Of course, there’ve always been sinfully rich people willing and anxious to advertise their status-and a willing audience. As Zero Mostel shouts in The Producers when he sees a rich guy on the street, “Flaunt it, baby, flaunt it!” So people apparently don’t begrudge Adam Sandler’s or Julia Roberts’ getting paid $20 million a movie, no matter how dreadful they or their movies may be.
But you’d think there would have been some kind of major public outcry over the rash of stories about crooked corporate executives ripping off employees, shareholders and the public and flouncing off with billions as a reward. The stories keep coming. Last October, Fortune magazine reported that newly installed Kmart CEO James Adamson was enjoying “rich perks and a $4 million pay package,” even as Kmart “slid toward bankruptcy, and handed out millions in dubious loans to top executives.”
Although Adamson resigned in January, Fortune says, he still stands to collect another $3.6 million when Kmart emerges from Chapter 11 in the coming months-just about the time that 35,000 lower-level Kmart employees are fired. They have no golden parachutes and will be compensated with “next to nothing.”

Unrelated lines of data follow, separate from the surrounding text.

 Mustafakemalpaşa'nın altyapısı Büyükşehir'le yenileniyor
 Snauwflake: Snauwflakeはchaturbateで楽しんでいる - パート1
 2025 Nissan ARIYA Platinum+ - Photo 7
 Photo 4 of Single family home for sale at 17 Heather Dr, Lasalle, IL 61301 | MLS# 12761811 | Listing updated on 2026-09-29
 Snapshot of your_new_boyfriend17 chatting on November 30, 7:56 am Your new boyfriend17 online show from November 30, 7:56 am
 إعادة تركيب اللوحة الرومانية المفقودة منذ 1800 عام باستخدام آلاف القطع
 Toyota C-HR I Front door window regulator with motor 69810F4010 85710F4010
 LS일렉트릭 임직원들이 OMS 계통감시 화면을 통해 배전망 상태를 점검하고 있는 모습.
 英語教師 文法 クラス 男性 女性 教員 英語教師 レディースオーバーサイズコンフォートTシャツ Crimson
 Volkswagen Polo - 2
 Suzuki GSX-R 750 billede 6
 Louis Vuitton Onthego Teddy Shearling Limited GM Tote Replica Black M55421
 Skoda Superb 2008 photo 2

We’ve all read about innumerable similar cases and seen Brian Ross’s devastating reports on ABC News: captains of industry who leave sinking ships via their private yachts and with an implicit “So long, suckers” to those left behind. Meanwhile, go two months without making a payment on your credit card bill (perhaps because you have been laid off), and your credit card company will do everything but have your house surrounded by a SWAT team to get its money.
And yet people don’t get mad. They don’t even seem all that resentful. The Filthy Rich don’t even have to endure healthy public ridicule, or at least not much of it. If a movie star wears a tacky dress to an awards show, she’ll suffer catty barbs from Joan Rivers, but those bounce right off.
No, the rich aren’t being ridiculed, but the poor are. Witness Bumfights, a best-selling video that has made multimillionaires of some young capitalist smart-asses in Southern California. The rich kids induced desperate homeless men to hit, beat and even maim one another for the benefit of the camera, then sold the tapes on a Web site at 20 bucks a pop. Surely there’s a way that one or more of the networks can turn this concept into a hit series.
Regardless, and despite the fact that the young entrepreneurs are being sued by two of their pathetic battered victims, Bumfights II will be on sale soon.